**Your instructions**
Please copy the entries below word for word.

*** Begin section ***

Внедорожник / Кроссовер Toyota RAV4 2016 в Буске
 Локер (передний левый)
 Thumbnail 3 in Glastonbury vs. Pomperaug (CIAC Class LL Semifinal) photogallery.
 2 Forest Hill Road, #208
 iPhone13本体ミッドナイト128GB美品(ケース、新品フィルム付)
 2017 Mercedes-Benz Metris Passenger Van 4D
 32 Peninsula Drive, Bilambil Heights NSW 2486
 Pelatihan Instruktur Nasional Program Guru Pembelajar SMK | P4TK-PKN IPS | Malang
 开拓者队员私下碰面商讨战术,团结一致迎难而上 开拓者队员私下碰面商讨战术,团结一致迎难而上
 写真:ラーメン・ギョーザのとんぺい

*** End section ***

**Written reply**
Внедорожник / Кроссовер Toyota RAV4 2016 в Буске
 Локер (передний левый)
 Thumbnail 3 in Glastonbury vs. Pomperaug (CIAC Class LL Semifinal) photogallery.
 2 Forest Hill Road, #208
 iPhone13本体ミッドナイト128GB美品(ケース、新品フィルム付)
 2017 Mercedes-Benz Metris Passenger Van 4D
 32 Peninsula Drive, Bilambil Heights NSW 2486
 Pelatihan Instruktur Nasional Program Guru Pembelajar SMK | P4TK-PKN IPS | Malang
 开拓者队员私下碰面商讨战术,团结一致迎难而上 开拓者队员私下碰面商讨战术,团结一致迎难而上
 写真:ラーメン・ギョーザのとんぺい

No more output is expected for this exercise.